La seconda riflessione: quando Stanislao De Luca viene processato, la difesa propone dei testi a discarico e, come nelle migliori tradizioni della strampalata vita giudiziaria calabrese, vengono in soccorso del "mammasantissima" i notabili del luogo che – more solito – minimizzano la portata delle tesi accusatorie negando l'esistenza della criminalità organizzata. L'onorevole Nicola Spada, parlamentare del Regno, dice ai giudici: «Pur rincasando a tarda ora della notte non ho mai subito molestie da alcuno, ragion per cui, sentendo parlare vagamente della malavita, non ho creduto che a Cosenza simile associazione esistesse nelle vere forme». Un capolavoro di parole uguale a tanti altri capolavori sentiti nell'ultimo mezzo secolo in Calabria e Sicilia. Ancora più significativa (e paradossale) la deposizione resa dal sindaco di Cosenza, Luigi Fera. «Attorno a lui» disse riferendosi a Stano De Luca «si è intessuta una fosca leggenda come d'individuo che viva nel sottosuolo cittadino e dei bassi fondi sociali sia il duce». Le parole di Fera dimostrano dunque come, anche in altri momenti storici, la criminalità organizzata calabrese sia cresciuta forte dei colpevoli silenzi della classe dirigente e politica locale.

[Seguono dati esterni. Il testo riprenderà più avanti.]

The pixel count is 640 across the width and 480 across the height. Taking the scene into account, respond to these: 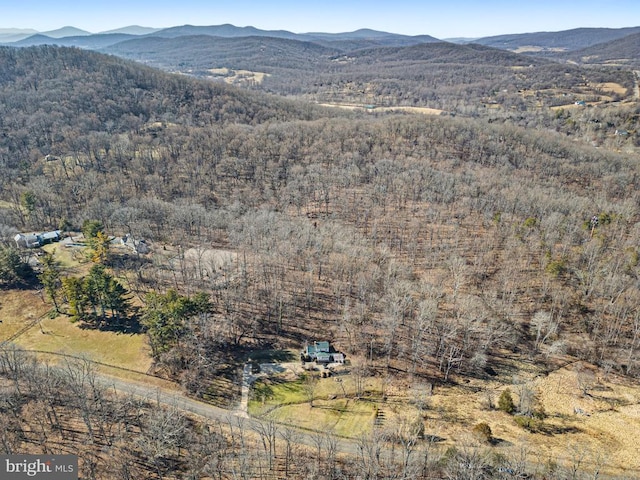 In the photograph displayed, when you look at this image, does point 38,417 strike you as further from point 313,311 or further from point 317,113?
point 317,113

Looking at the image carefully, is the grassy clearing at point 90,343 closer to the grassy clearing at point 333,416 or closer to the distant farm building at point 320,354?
the grassy clearing at point 333,416

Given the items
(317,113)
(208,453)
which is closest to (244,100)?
(317,113)

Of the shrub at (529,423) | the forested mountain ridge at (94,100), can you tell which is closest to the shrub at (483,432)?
the shrub at (529,423)

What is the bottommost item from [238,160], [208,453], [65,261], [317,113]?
[208,453]

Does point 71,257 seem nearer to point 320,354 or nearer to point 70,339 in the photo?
point 70,339

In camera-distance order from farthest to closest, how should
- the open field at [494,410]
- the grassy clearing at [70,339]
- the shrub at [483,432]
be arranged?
the grassy clearing at [70,339] → the open field at [494,410] → the shrub at [483,432]

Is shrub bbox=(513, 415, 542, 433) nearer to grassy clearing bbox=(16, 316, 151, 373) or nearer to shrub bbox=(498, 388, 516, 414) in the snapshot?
shrub bbox=(498, 388, 516, 414) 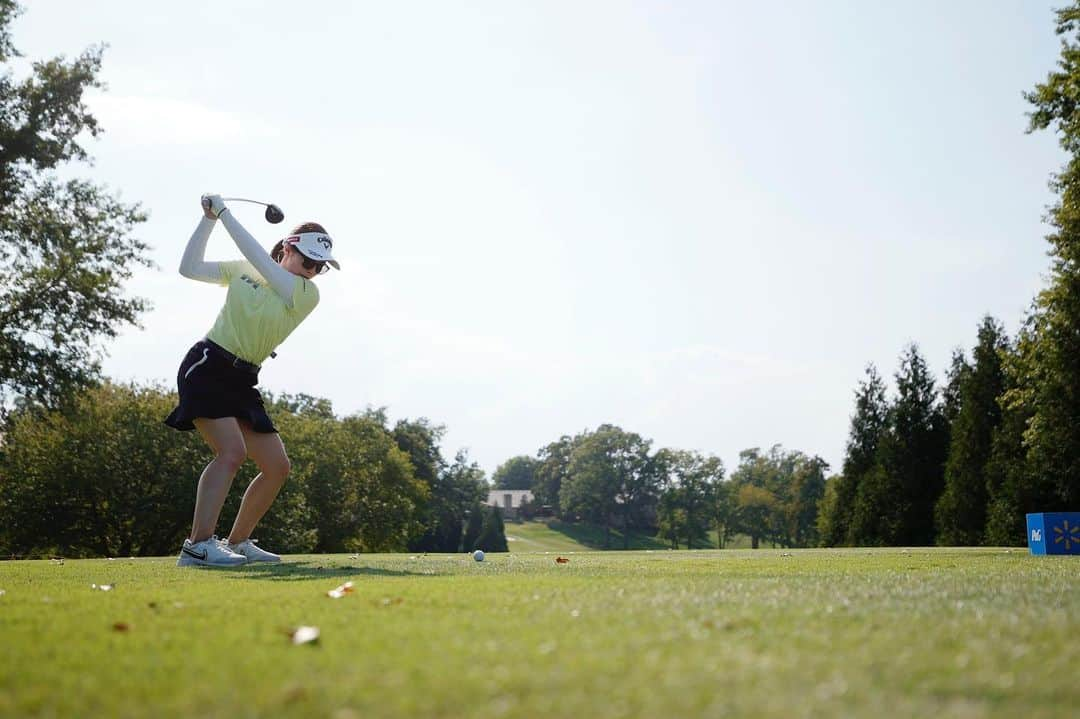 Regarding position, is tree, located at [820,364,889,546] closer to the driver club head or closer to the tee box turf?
the tee box turf

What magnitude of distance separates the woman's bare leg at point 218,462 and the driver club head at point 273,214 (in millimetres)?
1931

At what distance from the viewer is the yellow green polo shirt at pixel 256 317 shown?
7.25m

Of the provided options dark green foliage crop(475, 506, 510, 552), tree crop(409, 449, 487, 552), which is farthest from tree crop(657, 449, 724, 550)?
dark green foliage crop(475, 506, 510, 552)

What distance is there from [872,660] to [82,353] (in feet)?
92.1

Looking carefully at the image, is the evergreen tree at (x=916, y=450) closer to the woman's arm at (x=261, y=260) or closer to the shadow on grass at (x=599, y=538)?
the woman's arm at (x=261, y=260)

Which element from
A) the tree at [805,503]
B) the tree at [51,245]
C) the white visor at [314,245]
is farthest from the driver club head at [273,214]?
the tree at [805,503]

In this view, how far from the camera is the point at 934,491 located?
152 feet

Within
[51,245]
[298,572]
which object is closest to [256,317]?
[298,572]

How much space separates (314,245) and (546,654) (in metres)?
5.70

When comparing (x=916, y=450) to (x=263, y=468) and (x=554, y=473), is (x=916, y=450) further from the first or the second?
(x=554, y=473)

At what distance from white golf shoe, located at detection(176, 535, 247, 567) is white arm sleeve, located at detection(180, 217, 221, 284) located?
6.78ft

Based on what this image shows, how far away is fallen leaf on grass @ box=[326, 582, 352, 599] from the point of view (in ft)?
13.9

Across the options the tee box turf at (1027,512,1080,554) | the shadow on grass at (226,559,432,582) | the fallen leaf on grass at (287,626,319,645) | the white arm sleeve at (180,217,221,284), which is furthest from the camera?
the tee box turf at (1027,512,1080,554)

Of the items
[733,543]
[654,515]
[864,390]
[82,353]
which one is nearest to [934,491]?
[864,390] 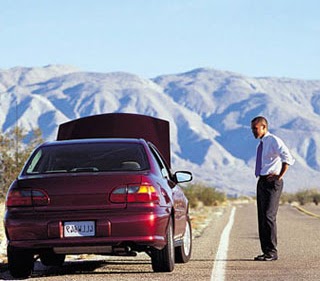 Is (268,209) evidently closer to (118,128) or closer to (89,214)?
(89,214)

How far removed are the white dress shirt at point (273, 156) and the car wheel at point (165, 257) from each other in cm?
269

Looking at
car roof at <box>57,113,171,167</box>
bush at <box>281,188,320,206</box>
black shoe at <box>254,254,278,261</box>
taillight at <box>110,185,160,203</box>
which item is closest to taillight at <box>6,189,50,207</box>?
taillight at <box>110,185,160,203</box>

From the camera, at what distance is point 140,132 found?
1981cm

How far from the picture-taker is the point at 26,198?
11984 mm

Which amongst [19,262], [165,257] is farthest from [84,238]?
[165,257]

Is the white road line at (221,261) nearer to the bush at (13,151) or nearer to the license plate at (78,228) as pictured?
the license plate at (78,228)

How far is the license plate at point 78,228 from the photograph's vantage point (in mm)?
11898

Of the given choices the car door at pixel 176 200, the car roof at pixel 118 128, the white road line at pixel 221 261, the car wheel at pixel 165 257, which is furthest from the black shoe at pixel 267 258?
the car roof at pixel 118 128

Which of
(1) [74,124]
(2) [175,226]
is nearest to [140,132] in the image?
(1) [74,124]

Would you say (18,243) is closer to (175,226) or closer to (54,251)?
(54,251)

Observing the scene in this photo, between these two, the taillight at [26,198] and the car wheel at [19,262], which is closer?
the taillight at [26,198]

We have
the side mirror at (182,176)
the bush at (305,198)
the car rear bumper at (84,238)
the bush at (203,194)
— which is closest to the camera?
the car rear bumper at (84,238)

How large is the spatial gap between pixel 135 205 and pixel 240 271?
1821 millimetres

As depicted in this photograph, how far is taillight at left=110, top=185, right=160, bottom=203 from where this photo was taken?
11961 mm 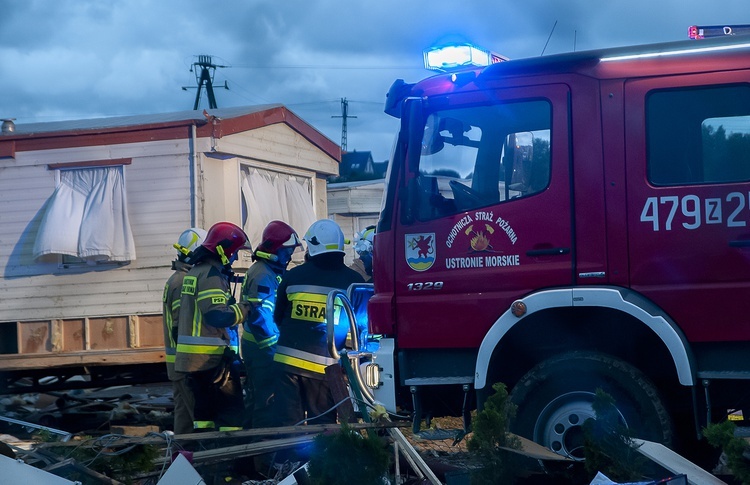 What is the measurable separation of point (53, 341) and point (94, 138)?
268cm

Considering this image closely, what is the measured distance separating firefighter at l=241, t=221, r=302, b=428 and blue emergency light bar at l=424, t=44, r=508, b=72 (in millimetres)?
2383

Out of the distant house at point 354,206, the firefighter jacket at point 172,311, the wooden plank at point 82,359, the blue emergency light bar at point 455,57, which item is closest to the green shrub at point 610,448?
the blue emergency light bar at point 455,57

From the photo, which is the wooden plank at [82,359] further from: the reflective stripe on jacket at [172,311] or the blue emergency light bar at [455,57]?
the blue emergency light bar at [455,57]

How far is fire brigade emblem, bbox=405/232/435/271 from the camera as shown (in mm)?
5965

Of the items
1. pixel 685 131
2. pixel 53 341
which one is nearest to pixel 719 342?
pixel 685 131

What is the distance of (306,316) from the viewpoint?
270 inches

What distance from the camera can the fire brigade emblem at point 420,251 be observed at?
596cm

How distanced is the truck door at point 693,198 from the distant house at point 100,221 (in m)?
6.91

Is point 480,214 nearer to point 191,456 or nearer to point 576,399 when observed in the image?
point 576,399

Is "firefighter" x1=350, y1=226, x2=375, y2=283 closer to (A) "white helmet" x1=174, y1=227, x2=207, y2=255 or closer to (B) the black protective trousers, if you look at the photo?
(A) "white helmet" x1=174, y1=227, x2=207, y2=255

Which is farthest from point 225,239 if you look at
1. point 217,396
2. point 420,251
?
point 420,251

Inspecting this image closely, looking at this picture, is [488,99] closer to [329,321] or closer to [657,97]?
[657,97]

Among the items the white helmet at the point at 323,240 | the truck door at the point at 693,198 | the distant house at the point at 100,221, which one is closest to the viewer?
the truck door at the point at 693,198

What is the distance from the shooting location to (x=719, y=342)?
5.45 meters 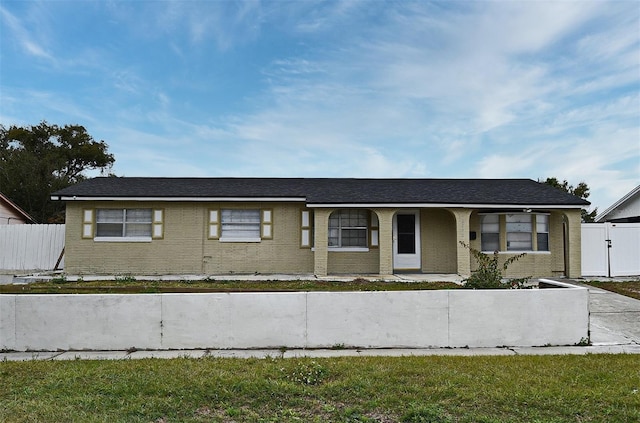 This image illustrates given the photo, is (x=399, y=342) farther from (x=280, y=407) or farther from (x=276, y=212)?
(x=276, y=212)

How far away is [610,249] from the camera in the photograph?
1655cm

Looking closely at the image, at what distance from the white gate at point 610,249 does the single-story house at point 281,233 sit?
832 millimetres

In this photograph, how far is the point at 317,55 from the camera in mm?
17844

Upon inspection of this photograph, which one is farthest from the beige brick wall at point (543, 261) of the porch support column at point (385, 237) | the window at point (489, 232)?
the porch support column at point (385, 237)

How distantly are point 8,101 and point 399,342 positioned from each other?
→ 73.0 feet

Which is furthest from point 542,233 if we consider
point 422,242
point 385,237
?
point 385,237

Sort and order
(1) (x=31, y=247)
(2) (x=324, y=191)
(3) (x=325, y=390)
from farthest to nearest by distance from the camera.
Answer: (1) (x=31, y=247) < (2) (x=324, y=191) < (3) (x=325, y=390)

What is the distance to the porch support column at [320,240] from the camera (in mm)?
15945

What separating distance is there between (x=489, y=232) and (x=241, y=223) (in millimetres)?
9250

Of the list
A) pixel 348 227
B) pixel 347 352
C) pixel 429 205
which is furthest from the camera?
pixel 348 227

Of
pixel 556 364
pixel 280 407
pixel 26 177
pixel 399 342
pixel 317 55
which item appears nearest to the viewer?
pixel 280 407

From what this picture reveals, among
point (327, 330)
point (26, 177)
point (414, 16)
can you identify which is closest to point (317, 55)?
point (414, 16)

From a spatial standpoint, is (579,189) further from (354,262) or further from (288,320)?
(288,320)

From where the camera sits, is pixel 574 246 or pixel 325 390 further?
pixel 574 246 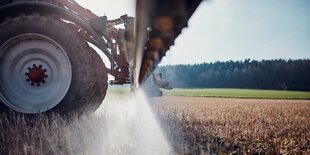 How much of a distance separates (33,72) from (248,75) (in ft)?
290

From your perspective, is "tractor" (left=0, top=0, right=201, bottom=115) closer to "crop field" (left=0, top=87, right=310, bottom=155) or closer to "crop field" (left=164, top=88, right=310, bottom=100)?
"crop field" (left=0, top=87, right=310, bottom=155)

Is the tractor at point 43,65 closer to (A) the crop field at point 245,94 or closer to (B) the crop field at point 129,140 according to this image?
(B) the crop field at point 129,140

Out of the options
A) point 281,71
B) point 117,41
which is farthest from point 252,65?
point 117,41

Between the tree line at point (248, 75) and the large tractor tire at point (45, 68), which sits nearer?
the large tractor tire at point (45, 68)

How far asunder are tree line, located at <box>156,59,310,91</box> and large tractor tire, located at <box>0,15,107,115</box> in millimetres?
66829

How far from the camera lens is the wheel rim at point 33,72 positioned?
4.20 m

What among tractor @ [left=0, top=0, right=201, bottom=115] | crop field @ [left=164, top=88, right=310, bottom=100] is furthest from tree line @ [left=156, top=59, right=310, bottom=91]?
tractor @ [left=0, top=0, right=201, bottom=115]

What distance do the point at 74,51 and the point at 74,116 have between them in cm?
85

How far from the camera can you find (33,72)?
166 inches

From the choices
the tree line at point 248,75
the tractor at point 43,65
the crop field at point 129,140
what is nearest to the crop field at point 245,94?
the tree line at point 248,75

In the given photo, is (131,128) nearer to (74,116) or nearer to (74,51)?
(74,116)

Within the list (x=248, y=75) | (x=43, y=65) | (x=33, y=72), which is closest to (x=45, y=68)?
(x=43, y=65)

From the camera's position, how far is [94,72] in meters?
4.23

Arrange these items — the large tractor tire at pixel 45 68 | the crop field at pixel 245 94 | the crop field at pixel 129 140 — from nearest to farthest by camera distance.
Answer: the crop field at pixel 129 140 < the large tractor tire at pixel 45 68 < the crop field at pixel 245 94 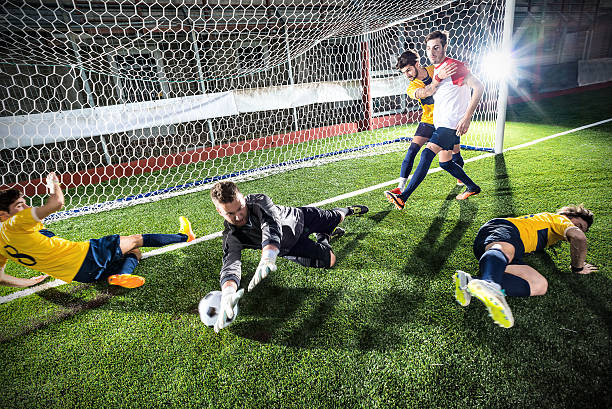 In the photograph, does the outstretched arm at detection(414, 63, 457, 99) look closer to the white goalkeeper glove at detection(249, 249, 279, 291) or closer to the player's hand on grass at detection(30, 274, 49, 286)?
the white goalkeeper glove at detection(249, 249, 279, 291)

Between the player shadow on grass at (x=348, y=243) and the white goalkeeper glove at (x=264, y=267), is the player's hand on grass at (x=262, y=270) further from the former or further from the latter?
the player shadow on grass at (x=348, y=243)

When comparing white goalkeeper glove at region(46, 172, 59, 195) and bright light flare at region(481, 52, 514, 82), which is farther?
bright light flare at region(481, 52, 514, 82)

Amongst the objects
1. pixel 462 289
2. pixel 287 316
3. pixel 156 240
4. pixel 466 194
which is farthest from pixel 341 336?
pixel 466 194

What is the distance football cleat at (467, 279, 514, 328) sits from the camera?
1498mm

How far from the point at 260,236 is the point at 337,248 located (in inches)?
31.8

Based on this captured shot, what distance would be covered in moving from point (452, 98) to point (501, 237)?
1.83 meters

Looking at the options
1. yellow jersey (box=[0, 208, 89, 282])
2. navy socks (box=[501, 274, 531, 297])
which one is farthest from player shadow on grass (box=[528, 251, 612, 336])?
yellow jersey (box=[0, 208, 89, 282])

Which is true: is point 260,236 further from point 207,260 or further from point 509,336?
point 509,336

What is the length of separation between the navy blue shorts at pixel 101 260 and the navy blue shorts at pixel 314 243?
1.46 m

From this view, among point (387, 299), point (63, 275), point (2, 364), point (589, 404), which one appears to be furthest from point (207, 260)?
point (589, 404)

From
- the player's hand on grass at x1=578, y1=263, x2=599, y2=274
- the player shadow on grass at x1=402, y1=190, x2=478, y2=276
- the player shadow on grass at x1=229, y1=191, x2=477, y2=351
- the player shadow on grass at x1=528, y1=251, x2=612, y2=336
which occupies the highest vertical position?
the player shadow on grass at x1=229, y1=191, x2=477, y2=351

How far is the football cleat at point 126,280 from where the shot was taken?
227 cm

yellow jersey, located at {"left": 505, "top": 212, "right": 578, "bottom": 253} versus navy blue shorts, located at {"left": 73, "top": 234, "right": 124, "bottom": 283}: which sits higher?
navy blue shorts, located at {"left": 73, "top": 234, "right": 124, "bottom": 283}

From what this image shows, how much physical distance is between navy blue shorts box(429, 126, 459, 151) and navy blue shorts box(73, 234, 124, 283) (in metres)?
3.25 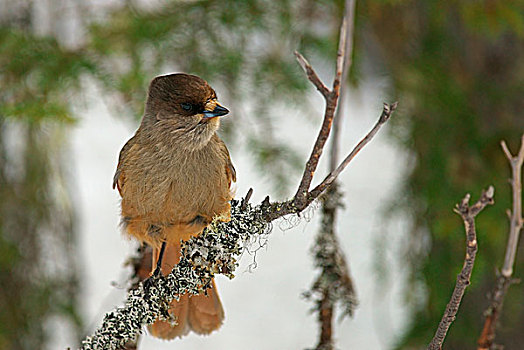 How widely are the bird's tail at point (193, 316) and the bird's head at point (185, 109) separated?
22cm

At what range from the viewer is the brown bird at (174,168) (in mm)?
763

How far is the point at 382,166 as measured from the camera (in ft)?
12.5

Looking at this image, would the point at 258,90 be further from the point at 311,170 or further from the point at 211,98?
the point at 311,170

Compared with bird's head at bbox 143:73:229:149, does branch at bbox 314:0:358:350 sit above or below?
below

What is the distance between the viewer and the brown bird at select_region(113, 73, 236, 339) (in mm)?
763

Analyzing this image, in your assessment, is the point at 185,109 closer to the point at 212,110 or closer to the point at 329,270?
the point at 212,110

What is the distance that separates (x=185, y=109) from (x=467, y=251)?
37cm

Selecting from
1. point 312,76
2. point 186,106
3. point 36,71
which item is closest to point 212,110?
point 186,106

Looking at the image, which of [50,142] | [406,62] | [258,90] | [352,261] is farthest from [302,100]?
[352,261]

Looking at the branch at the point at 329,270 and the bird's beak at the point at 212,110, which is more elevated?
the bird's beak at the point at 212,110

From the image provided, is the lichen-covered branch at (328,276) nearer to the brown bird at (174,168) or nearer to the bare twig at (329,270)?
the bare twig at (329,270)

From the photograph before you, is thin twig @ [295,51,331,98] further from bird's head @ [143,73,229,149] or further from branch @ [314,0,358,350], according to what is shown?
branch @ [314,0,358,350]

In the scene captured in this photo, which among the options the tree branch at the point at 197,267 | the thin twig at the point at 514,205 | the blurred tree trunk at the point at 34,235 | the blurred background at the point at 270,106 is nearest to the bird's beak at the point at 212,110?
the tree branch at the point at 197,267

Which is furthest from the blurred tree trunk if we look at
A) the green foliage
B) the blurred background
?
the green foliage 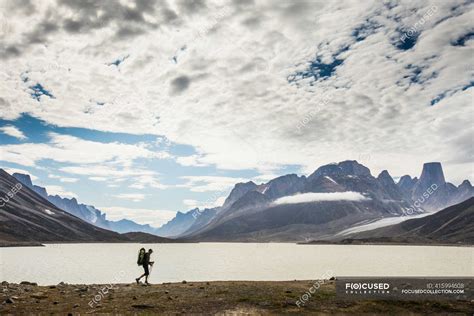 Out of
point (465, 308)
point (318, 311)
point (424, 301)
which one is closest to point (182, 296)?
point (318, 311)

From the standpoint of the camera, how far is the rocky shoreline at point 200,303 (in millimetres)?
24344

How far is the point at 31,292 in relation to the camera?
3027 cm

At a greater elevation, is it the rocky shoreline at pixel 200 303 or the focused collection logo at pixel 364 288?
the focused collection logo at pixel 364 288

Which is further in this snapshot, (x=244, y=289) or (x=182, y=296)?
(x=244, y=289)

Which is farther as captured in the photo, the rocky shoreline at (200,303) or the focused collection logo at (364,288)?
the focused collection logo at (364,288)

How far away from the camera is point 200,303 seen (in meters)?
26.7

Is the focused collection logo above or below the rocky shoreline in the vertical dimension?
above

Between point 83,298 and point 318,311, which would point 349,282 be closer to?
point 318,311

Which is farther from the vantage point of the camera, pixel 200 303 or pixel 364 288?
pixel 364 288

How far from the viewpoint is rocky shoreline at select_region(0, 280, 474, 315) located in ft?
79.9

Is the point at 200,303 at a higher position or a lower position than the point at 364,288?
lower

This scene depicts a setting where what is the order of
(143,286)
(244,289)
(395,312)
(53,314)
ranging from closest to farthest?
(53,314)
(395,312)
(244,289)
(143,286)

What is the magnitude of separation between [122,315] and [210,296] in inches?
306

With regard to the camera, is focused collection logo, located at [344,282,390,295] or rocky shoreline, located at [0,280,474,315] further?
focused collection logo, located at [344,282,390,295] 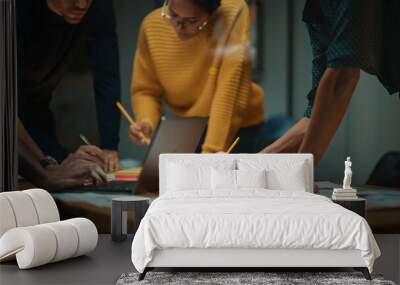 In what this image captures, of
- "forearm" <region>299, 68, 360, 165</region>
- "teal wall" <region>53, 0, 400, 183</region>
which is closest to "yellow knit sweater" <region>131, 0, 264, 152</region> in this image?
"teal wall" <region>53, 0, 400, 183</region>

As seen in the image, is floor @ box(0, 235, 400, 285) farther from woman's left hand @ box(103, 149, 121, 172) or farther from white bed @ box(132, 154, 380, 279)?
woman's left hand @ box(103, 149, 121, 172)

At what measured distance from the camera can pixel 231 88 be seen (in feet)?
25.3

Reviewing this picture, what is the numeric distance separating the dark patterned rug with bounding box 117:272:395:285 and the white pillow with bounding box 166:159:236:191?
1.66 meters

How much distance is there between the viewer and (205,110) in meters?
7.78

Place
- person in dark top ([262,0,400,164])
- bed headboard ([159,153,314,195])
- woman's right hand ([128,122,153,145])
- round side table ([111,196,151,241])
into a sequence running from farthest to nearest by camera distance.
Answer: woman's right hand ([128,122,153,145]) → person in dark top ([262,0,400,164]) → bed headboard ([159,153,314,195]) → round side table ([111,196,151,241])

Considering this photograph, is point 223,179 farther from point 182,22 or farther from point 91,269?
point 182,22

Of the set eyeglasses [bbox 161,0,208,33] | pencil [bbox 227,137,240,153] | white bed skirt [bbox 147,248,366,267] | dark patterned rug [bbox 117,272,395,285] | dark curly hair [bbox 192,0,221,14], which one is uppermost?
dark curly hair [bbox 192,0,221,14]

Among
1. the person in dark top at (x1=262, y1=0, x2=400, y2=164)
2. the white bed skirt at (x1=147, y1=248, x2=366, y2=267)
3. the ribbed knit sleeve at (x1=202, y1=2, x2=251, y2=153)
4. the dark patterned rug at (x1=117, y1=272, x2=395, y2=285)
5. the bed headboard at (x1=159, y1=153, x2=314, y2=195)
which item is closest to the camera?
the dark patterned rug at (x1=117, y1=272, x2=395, y2=285)

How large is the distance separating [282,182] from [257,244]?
192cm

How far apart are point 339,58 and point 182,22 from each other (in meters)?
1.82

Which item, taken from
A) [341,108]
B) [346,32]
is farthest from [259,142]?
[346,32]

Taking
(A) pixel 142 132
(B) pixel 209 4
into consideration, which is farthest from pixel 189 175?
(B) pixel 209 4

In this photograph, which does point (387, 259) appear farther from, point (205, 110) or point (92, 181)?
point (92, 181)

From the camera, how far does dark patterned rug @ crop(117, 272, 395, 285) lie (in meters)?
4.91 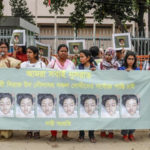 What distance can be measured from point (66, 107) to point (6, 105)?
1075mm

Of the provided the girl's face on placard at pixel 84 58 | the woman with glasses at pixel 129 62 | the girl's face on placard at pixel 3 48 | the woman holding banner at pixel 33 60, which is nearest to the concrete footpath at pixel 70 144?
the woman holding banner at pixel 33 60

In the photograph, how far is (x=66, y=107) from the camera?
557 centimetres

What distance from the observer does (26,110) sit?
5.54m

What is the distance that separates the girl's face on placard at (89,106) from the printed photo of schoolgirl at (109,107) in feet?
0.56

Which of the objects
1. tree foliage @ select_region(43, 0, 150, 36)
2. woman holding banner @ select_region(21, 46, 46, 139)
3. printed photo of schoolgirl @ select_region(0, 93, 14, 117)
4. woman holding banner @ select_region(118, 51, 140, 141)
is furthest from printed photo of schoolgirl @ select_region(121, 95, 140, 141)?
tree foliage @ select_region(43, 0, 150, 36)

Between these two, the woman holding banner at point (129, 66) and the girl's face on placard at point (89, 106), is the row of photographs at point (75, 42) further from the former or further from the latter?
the girl's face on placard at point (89, 106)

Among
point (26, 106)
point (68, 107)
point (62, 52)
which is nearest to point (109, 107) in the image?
point (68, 107)

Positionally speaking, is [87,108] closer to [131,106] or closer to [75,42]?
[131,106]

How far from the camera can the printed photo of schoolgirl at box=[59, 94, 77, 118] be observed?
5562 millimetres

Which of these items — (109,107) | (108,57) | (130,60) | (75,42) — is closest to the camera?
(109,107)

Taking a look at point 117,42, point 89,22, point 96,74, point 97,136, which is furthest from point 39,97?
point 89,22

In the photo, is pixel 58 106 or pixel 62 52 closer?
pixel 58 106

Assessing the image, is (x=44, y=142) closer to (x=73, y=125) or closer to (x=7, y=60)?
(x=73, y=125)

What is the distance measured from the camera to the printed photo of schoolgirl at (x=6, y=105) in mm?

La terza riflessione. Dagli articoli pubblicati dagli organi d'informazione attivi nel Cosentino ai primi del Novecento si evince un altro dato significativo. Le forze dell'ordine intervenivano male e in ritardo. Ecco quanto scrisse Il Domani a proposito della malavita. Il testo è eloquente: «A questo nuovo male poteva far remora una pronta e immediata repressione penale sia in sul sorgere, accompagnata con un'oculata prevenzione. Dolorosamente la nostra polizia nicchiò; negò il male quando i reati si succedevano fitti come gragnuola; volle ridurre fatti epidemici a fenomeni sporadici ed intervenne quando il male era esteso e forse inguaribile».

Ultima riflessione. Ci sono delle inchieste recenti della Dda di Catanzaro che descrivono genesi e settori d'interesse della 'ndrangheta attuale. L'analisi è devastante: la pervasività delle cosche appare incontenibile e variegata. Epperò, riesaminando le vicende di Stanislao De Luca e comparandole con le tesi sostenute dai magistrati, ci si rende pure conto di quanto la mafia calabrese, col trascorrere del tempo e nonostante il mutamento dei costumi sociali, sia anche diventato un fenomeno subculturale. Un fenomeno che ha ormai radici talmente profonde da apparire forse come inestirpabile. Gli 'ndranghetisti moderni, infatti, non hanno più il "muffo" al collo, non "tirano" di coltello, non portano la "coppola" e non imbracciano la "lupara", ma siedono comodi e "istituzionalizzati" nei consigli di amministrazione di imprese e società, tra i banchi delle assemblee elettive e delle associazioni di categoria. Occupano di diritto spazi che lo Stato ha colposamente lasciato liberi. Usano valigette ventiquattr'ore e si muovono "infettando" l'Europa e le Americhe per concludere "affari".